Re: [PATCH v7 00/17] Add support for Clang LTO
From: Kees Cook
Date: Wed Dec 02 2020 - 13:54:56 EST
On Wed, Dec 02, 2020 at 11:42:21AM +0900, Masahiro Yamada wrote:
> On Wed, Dec 2, 2020 at 2:31 AM Kees Cook <keescook@xxxxxxxxxxxx> wrote:
> >
> > On Mon, Nov 30, 2020 at 12:01:31PM +0000, Will Deacon wrote:
> > > Hi Sami,
> > >
> > > On Wed, Nov 18, 2020 at 02:07:14PM -0800, Sami Tolvanen wrote:
> > > > This patch series adds support for building the kernel with Clang's
> > > > Link Time Optimization (LTO). In addition to performance, the primary
> > > > motivation for LTO is to allow Clang's Control-Flow Integrity (CFI) to
> > > > be used in the kernel. Google has shipped millions of Pixel devices
> > > > running three major kernel versions with LTO+CFI since 2018.
> > > >
> > > > Most of the patches are build system changes for handling LLVM bitcode,
> > > > which Clang produces with LTO instead of ELF object files, postponing
> > > > ELF processing until a later stage, and ensuring initcall ordering.
> > > >
> > > > Note that v7 brings back arm64 support as Will has now staged the
> > > > prerequisite memory ordering patches [1], and drops x86_64 while we work
> > > > on fixing the remaining objtool warnings [2].
> > >
> > > Sounds like you're going to post a v8, but that's the plan for merging
> > > that? The arm64 parts look pretty good to me now.
> >
> > I haven't seen Masahiro comment on this in a while, so given the review
> > history and its use (for years now) in Android, I will carry v8 (assuming
> > all is fine with it) it in -next unless there are objections.
>
>
> What I dislike about this implementation is
> it cannot drop any unreachable function/data.

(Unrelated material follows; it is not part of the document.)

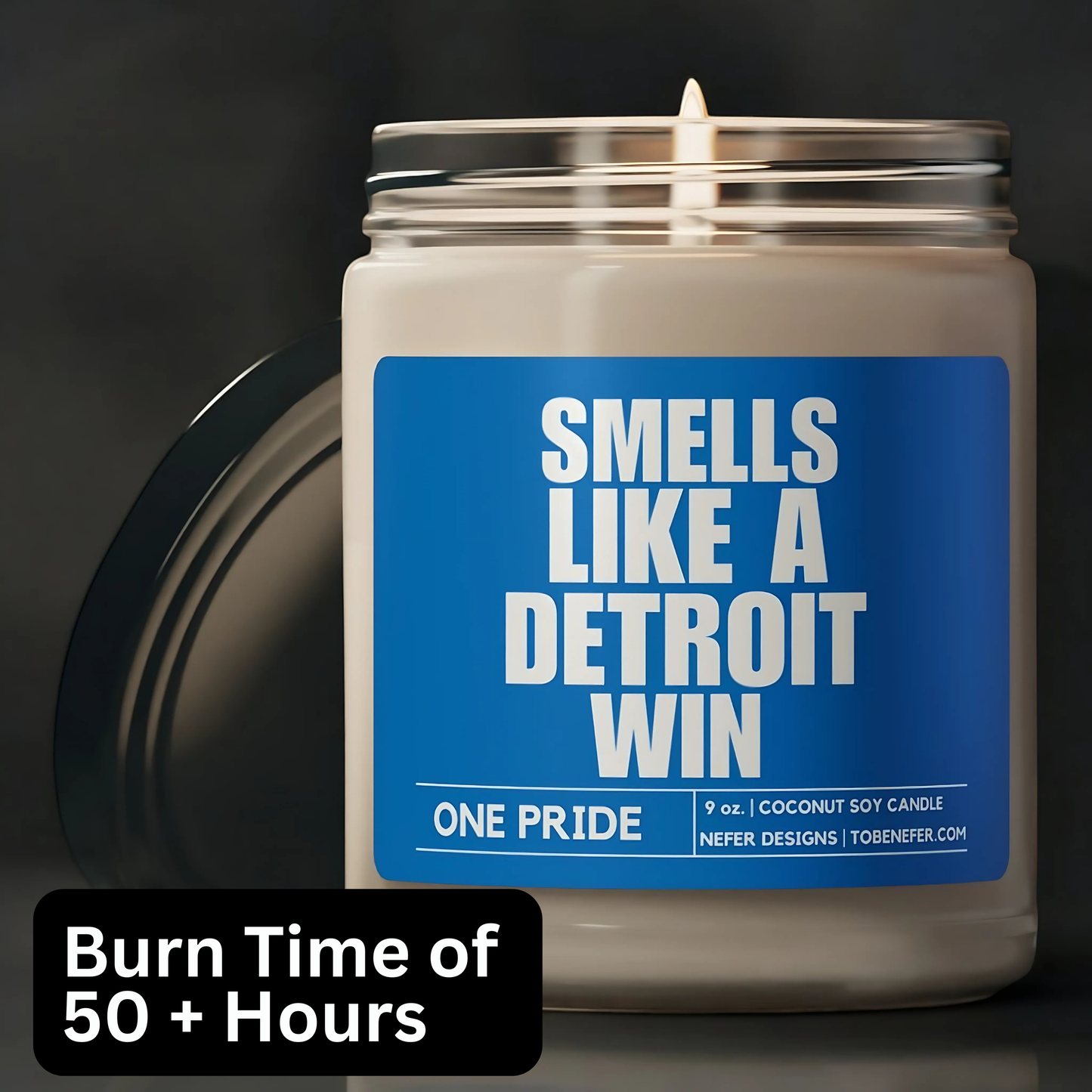 Smells Like a Detroit Win | Lucky Game Day Sports Themed Candle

> (and it is completely different from GCC LTO)
This seems to be an orthogonal concern: the kernel doesn't have GCC LTO
support either (though much of Sami's work is required for GCC LTO too).
> This is not real LTO.
I don't know what you're defining as "real LTO", but this is, very much,
Link Time Optimization: the compiler has access to the entire code at
once, and it is therefore in a position to perform many manipulations to
the code. As Sami mentioned, perhaps you're thinking specifically of
dead code elimination? That's a specific optimization.
> [thread[1] merging]
> This help document is misleading.
> People who read the document would misunderstand how great this feature would.
>
> This should be added in the commit log and Kconfig help:
>
> In contrast to the example in the documentation, Clang LTO
> for the kernel cannot remove any unreachable function or data.

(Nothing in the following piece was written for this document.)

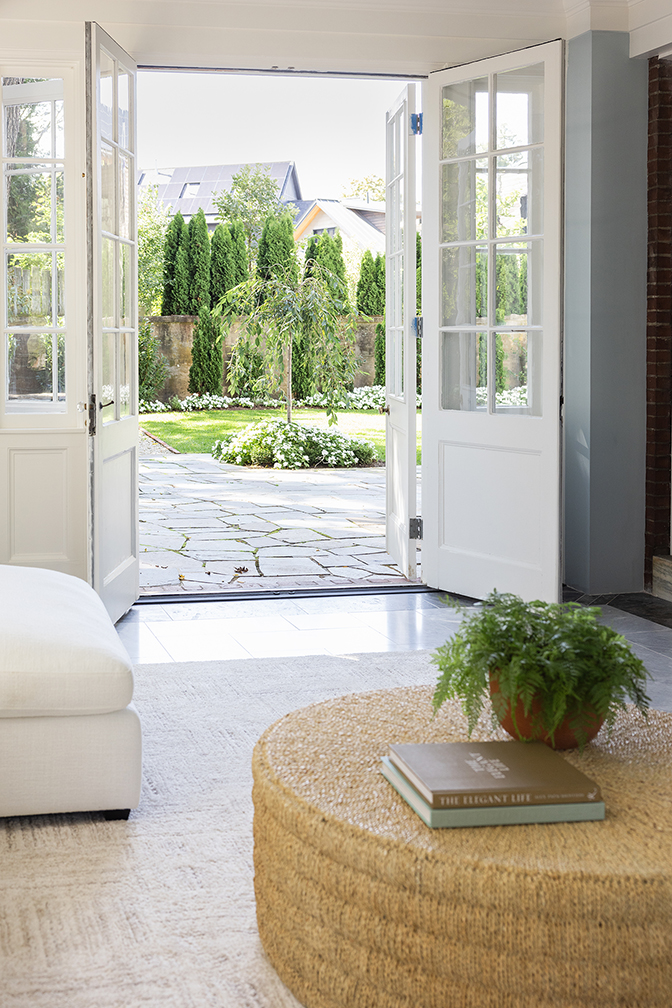 Indoor outdoor living sunroom patio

> In fact, this results in even bigger vmlinux and modules.
Which LTO passes are happening, how optimization are being performed,
etc, are endlessly tunable, but we can't work on that tuning without
the infrastructure to perform an LTO build in the first place. We need
to land the support, and go from there. As written, it works very well
for arm64 (which is what v8 targets specifically) and the results have
been running on millions of Android phones for years now. If further
tuning needs to happen for other architectures, config combinations, etc,
those can and will be developed. (For example, x86 is around the corner,
once some false positive warnings from objtool get hammered out, etc.)
I still want this in -next so we can build on it and improve it -- it
has been stuck in limbo for too long.
-Kees
[1] https://lore.kernel.org/kernel-hardening/CAK7LNASMh1KysAB4+gU7_iuTW+5GT2_yMDevwpLwx0iqjxwmWw@xxxxxxxxxxxxxx/
--
Kees Cook